Good, Nomun thought. It’s good he’s alive. He dropped Jade Nomun’s head, got up.
When the killmech moved in to take its trophy, he turned away, stumbled to the edge of the water. He waited there, until the sun was well clear of the horizon, staring at the nearest breathboat. The Nomuns there seemed like inconsequential ghosts and he ignored them.
The pale-haired captain came on deck; when she saw him, she smiled brilliantly and waved.
«Behind you,» Young Nomun rasped. Nomun turned, to see Dead Nomun. The killmech was very close; in one metal hand it held some sharp gleaming object Nomun leapt away, a convulsive movement and fell backward into the water.
«No!» he shouted. «Get back.» But the mech waded into the sea, and jabbed the weapon against his neck, before he could flounder away.
«You ordered this, Master,» it said. It took his arm, helped him from the sea He saw that the ‘weapon’ was a drug injector. «An antidote, Master. For a mnemonic block.»
He searched his mind and found just one new memory. It swam into focus.
Four days ago, before the other nomuns had begun their dying, he had opened his eyes to find his head gloriously empty. The blonde woman had lifted the inductor harness away and handed it to one of the men who stood near.
«Are you eased now, Nomun?» she had asked with a small smile. «Nomun; that’s your name, that’s all you will remember, after I give you this.»
She held up an injector. «A mnemonic block. You ordered me to give it to you, before we moved you and the other Nomuns around to the terminal beach.»
Nomun looked around. The men all had the same face, hard, cold, determined. His face.

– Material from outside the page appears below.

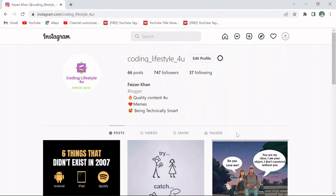Hey guys, my name is Faizan Khan and welcome back to my YouTube channel. In this video, I'm gonna show you how you can download any profile picture on Instagram through Python.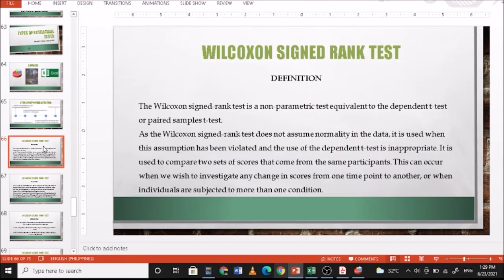In this presentation we're going to discuss the Wilcoxon signed rank test. The Wilcoxon signed rank test is a non-parametric test equivalent to the dependent t-test or paired samples t-test. As it does not assume normality in the data, it is used when this assumption has been violated. It is used to compare two sets of scores from the same participants, such as when investigating change in scores from one point to another or when individuals are subjected to more than one condition.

«Your brothers, Nomun. Flesh of your flesh. But they do not bear your name. That’s important to you.» The woman no longer smiled; some unhappy emotion crossed her smooth face. «You asked me to say these things, and then make you forget them, until you emerge from your little war. If you ever do. Do you understand at all?»
«No.»
«I’m not surprised,» she said. «No one else understands. But listen: You’ve just given a hundred and thirty years of ugly memory to a biostorage device. All you have left are the skills of your body and your name.» She caressed his cheek with cool fingers, smiled again, sadly. «Though not till your memories were ugly; this I know, because we’ve shared some sweet ones. But anyway. This is how you bear your life–you told me to say it just that way. I don’t know why it can’t, stop there, but it can’t or so you say.» She sighed. «In a little while, we’ll take you to the other end of the memwort and lay you on the sand with nine of your clones. Clones who’ve taken the name; you’ve collected them over these last few years.»

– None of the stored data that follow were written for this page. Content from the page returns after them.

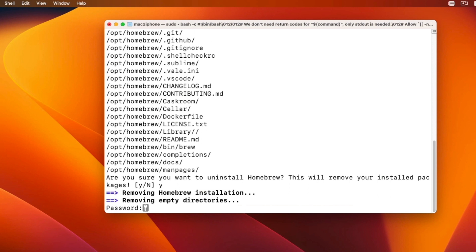Type your password and here terminal will not show the password when typed. As a security precaution, this is normal behavior. So just type it anyway and hit return.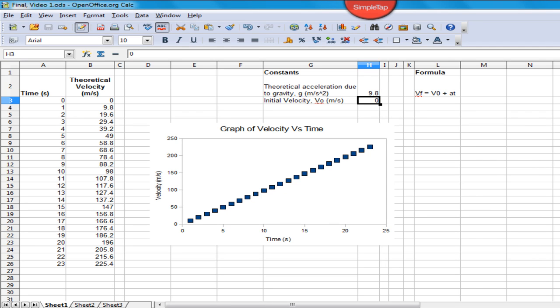Hi everybody, my name is Anoushka. Today I'm going to take you through a simple tutorial on how we can use spreadsheets to do some physics calculations and produce graphs.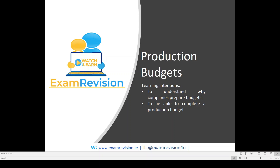Welcome to our exam revision tutorial on production budgets. Our learning intentions today are to understand why companies prepare budgets and to be able to complete a production budget.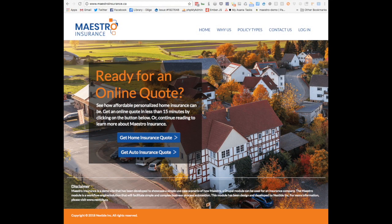Hi, this is Blaine from NextTide, and this is a continuation of our video that walked through our demo use case for our business workflow solution called Maestro. The use case was an online home and auto insurance provider called maestroinsurance.ca.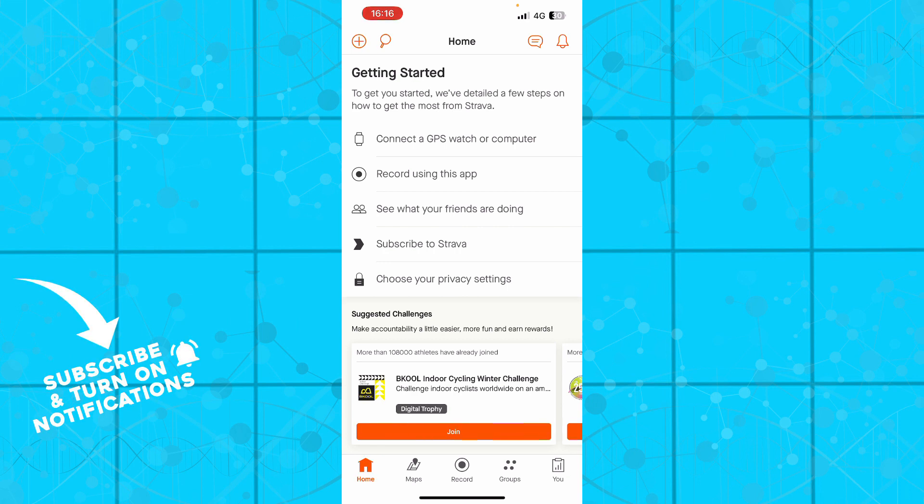That is everything for this video. I hope you found it informative. If you did, don't forget to like this video, share it, subscribe to the channel, and turn notifications on. As always, I'll be seeing you in the next video. Bye guys!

He had become uneasy, watching the ir\jector. «I really don’t understand at all. Wait... perhaps I’ll change my mind.» He tried to rise; strong hands pressed him back, though not roughly.
«No. I have your orders, Nomun. You warned me that you might suffer an attack of sanity, after the memories were gone. Were it up to me, I’d take you back to the boat, but your killmech and your brothers would not permit it So you’ll go, you’ll risk your life among those animals who wear your face.»
«Why? Do you know?»
She leaned forward, caressed his cheek, and then the injector hissed. «Because you’re a great fool,» she had said, with bitter affection, tears pooling in her eyes.

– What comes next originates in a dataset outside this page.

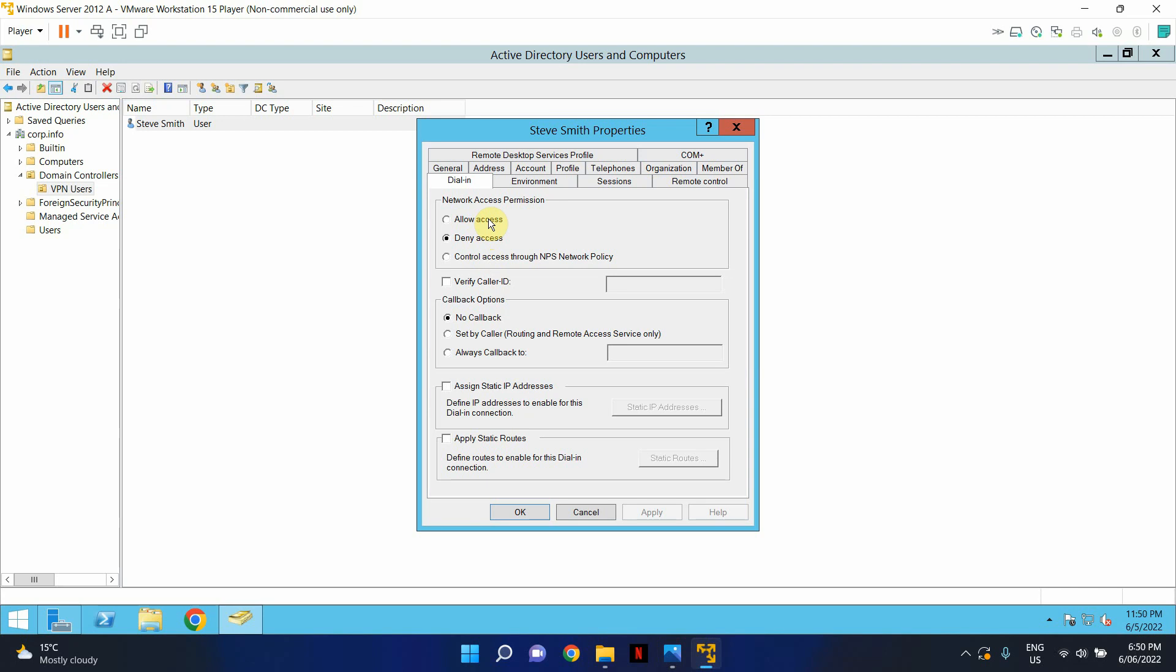If you've got RADIUS authentication, that means in your on-prem environment you're running a server with NPS service. So in that case, go ahead and select control access through NPS network policy. This means it will listen to the RADIUS authentication queries that are ordered to the server that's running NPS from your appliance, whether it's Cisco or Unify, and then it'll do that communication properly and authenticate the user.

Nomun sighed. Young Nomun stood beside him, watching the launch arrow across the water toward the beach. The palehaired woman stood in the prow, face glowing.
«Will I live?» Young Nomun asked.
Nomun turned, looked at the smooth face, now so much older than it had been–and somehow darker. «Yes,» he answered. «Yes, if you’ll give up the name.»
Young Nomun shrugged. «Of course. Life seems far more important to me than any name.»
Nomun smiled, with an effort.
As they waded out to the launch, young nomun asked, in a low voice, «So, will you tell me now? Are you the first Nomun?» Just for a moment, all of Nomun’s years returned, all that deadly crushing weight. Nomun stopped, knee-deep in the black ocean, and felt the sand shift under his boots.